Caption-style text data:

+++

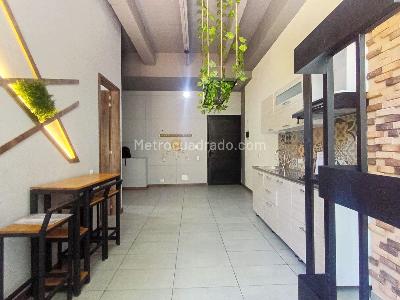 Apartamento de 1 alcoba en arriendo en Florida Nueva, Medellín, 50 m² · foto 6 de 16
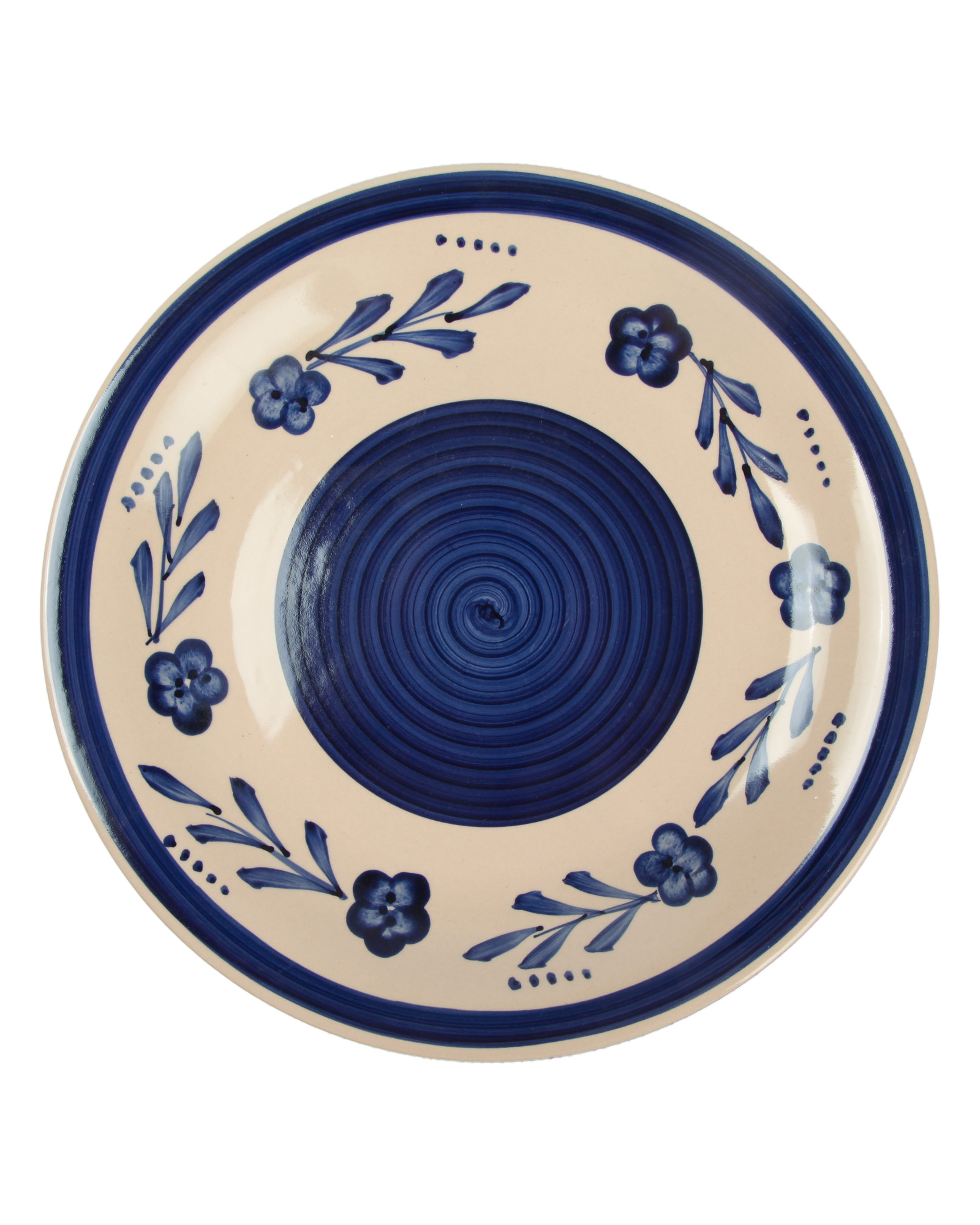 Тарелка ё Аэрограф 27 см - фото 1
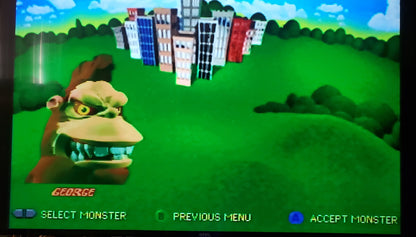 Rampage World Tour N64 Nintendo 64 Video Game 1998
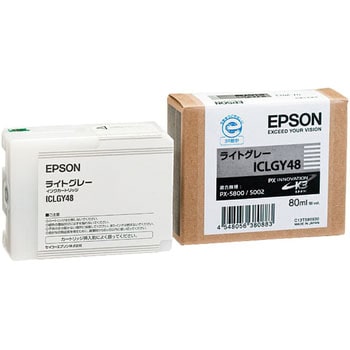 ICLGY48 純正インクカートリッジ EPSON IC48 1個 EPSON 【通販サイト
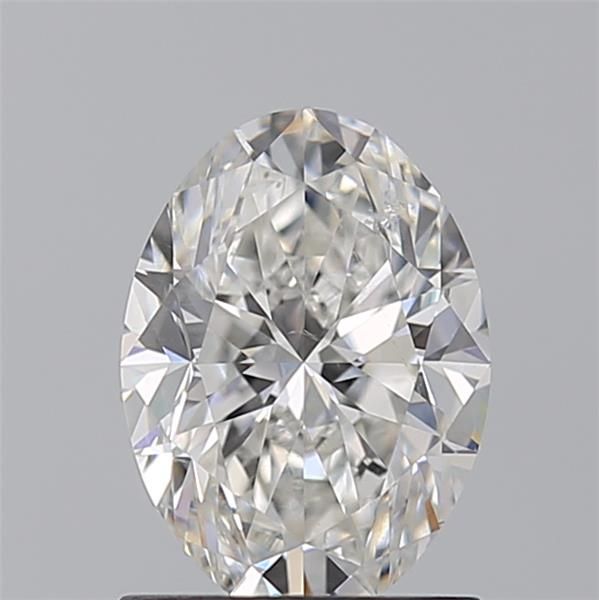 Diamond Natural 1,31Ct G-SI2 Oval - GIA5546903194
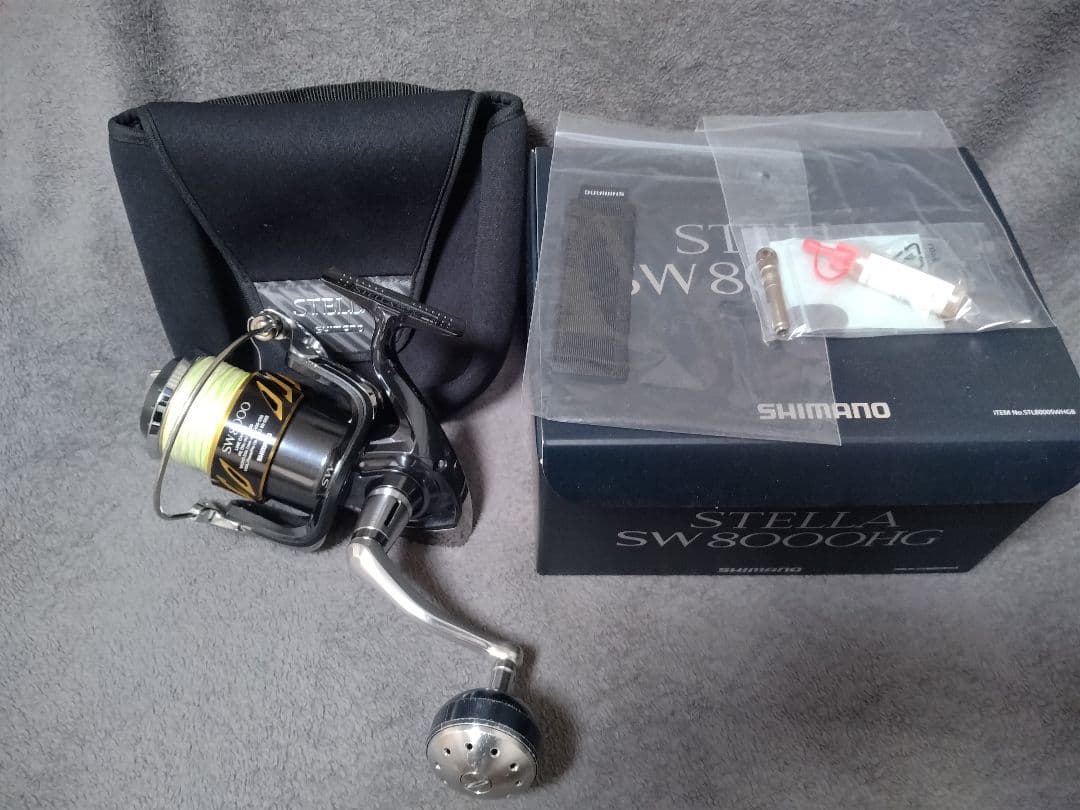 シマノ13 STELLA SW8000HG スピニングリール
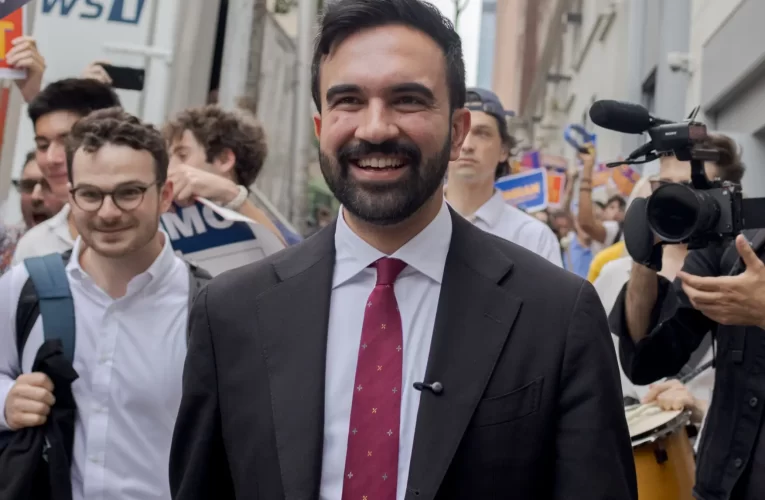 NYC’s Mayoral Frontrunner Meets Congress Members Amid Rising Political Momentum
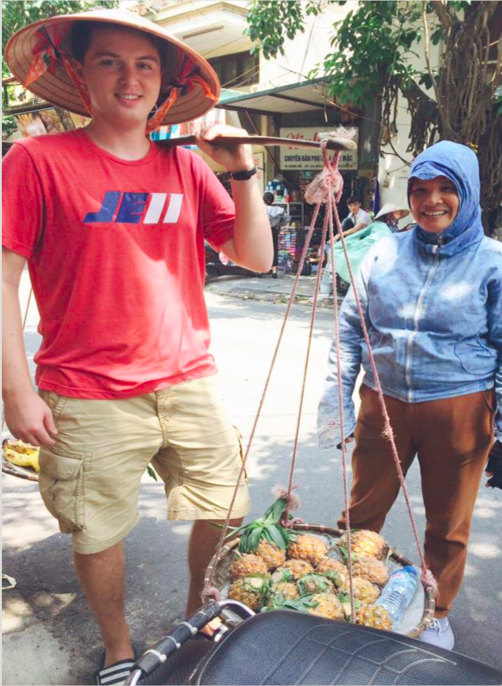 Jeremy is a CELTA-trained English teacher who has taught in Vietnam and Hong Kong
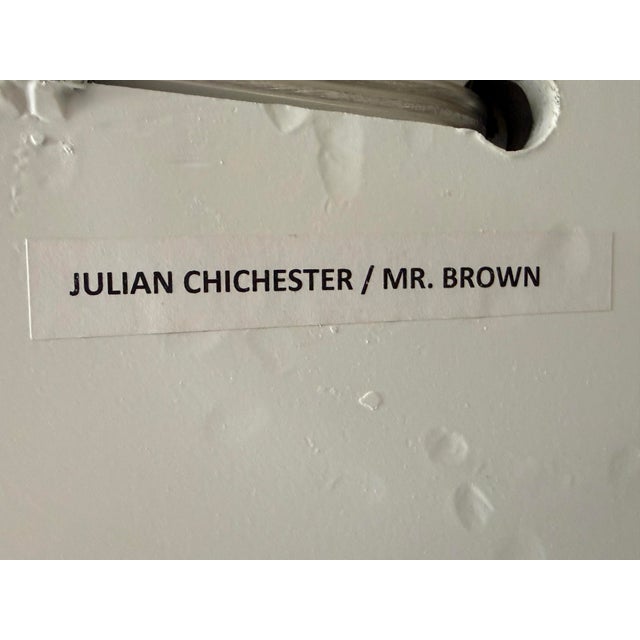 Mr. Brown for Julian Chichester Bilbao Uplighter Floor Lamp For Sale - Image 12 of 12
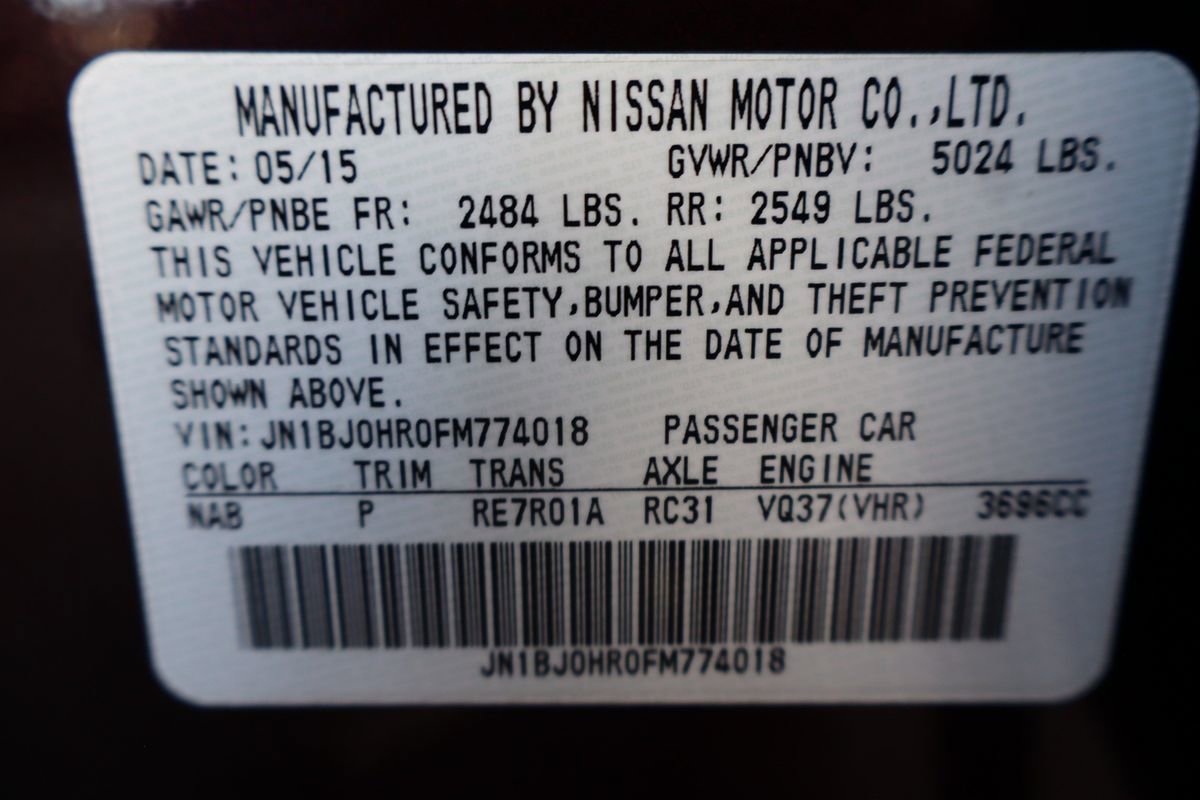 Used 2015 INFINITI QX50 Journey w/ Premium Package image 46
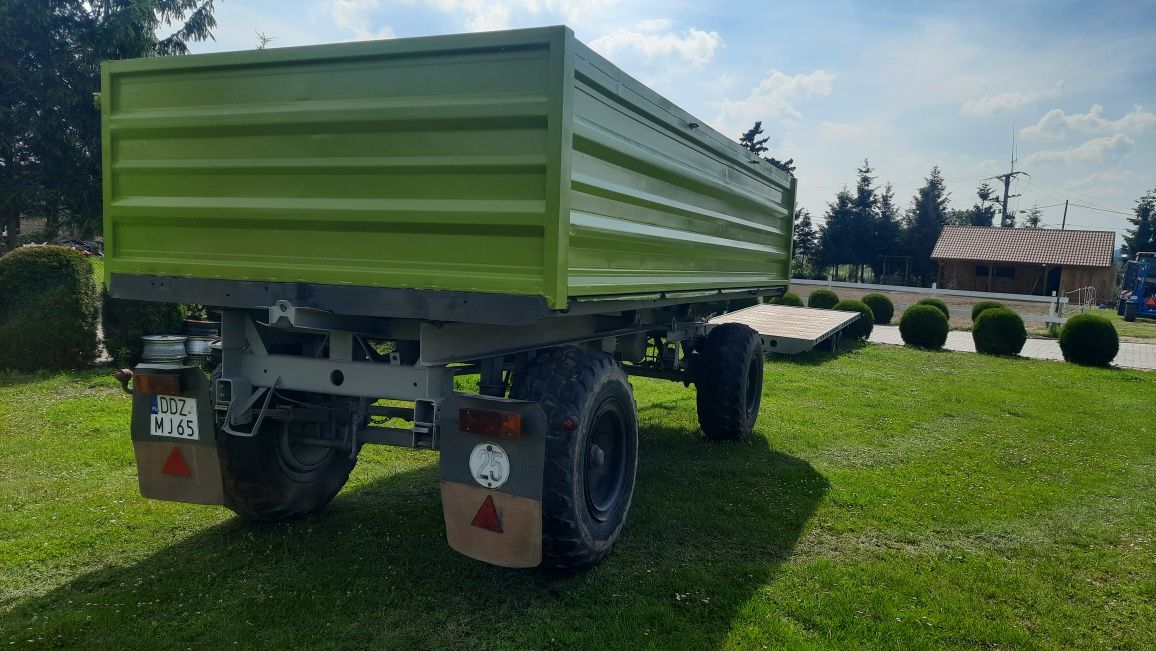 Przyczepa HL HW 8011 Conow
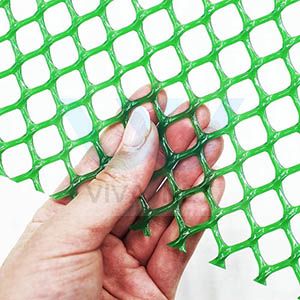 Plastic Hexagonal mesh fence Plastic Hexagonal mesh fence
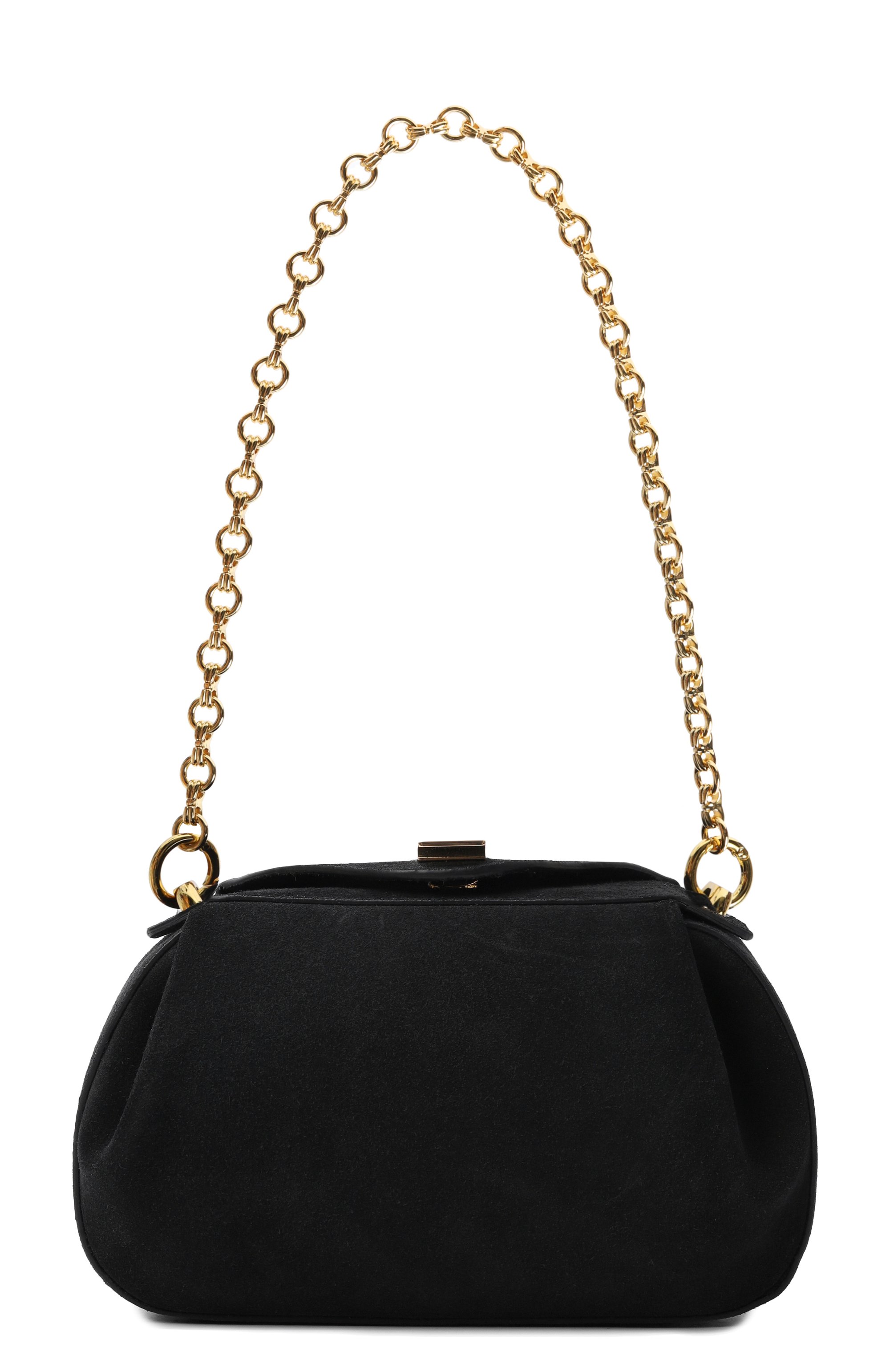 Сумка oyster clutch mini YUZEFI, арт. 0YSTER CLUTCH MINI/SUEDE, фото 1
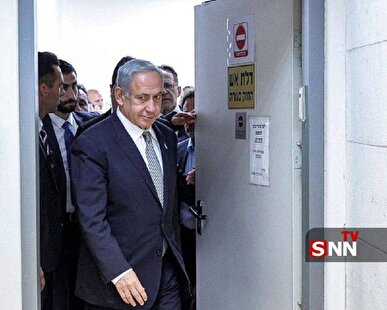 نتانیاهو جلسه دادگاه را به بهانه تماس فوری ترک کرد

+++

Exercise brief =>
In the records above, find the line with "Тарелка ё Аэрограф 27 см - фото 1" and the line with "NYC’s Mayoral Frontrunner". Write out exactly those lines and every one between, with no pictures and no other lines.

Written response =>
 Тарелка ё Аэрограф 27 см - фото 1
 Rampage World Tour N64 Nintendo 64 Video Game 1998
 ICLGY48 純正インクカートリッジ EPSON IC48 1個 EPSON 【通販サイト
 Diamond Natural 1,31Ct G-SI2 Oval - GIA5546903194
 シマノ13 STELLA SW8000HG スピニングリール
 NYC’s Mayoral Frontrunner Meets Congress Members Amid Rising Political Momentum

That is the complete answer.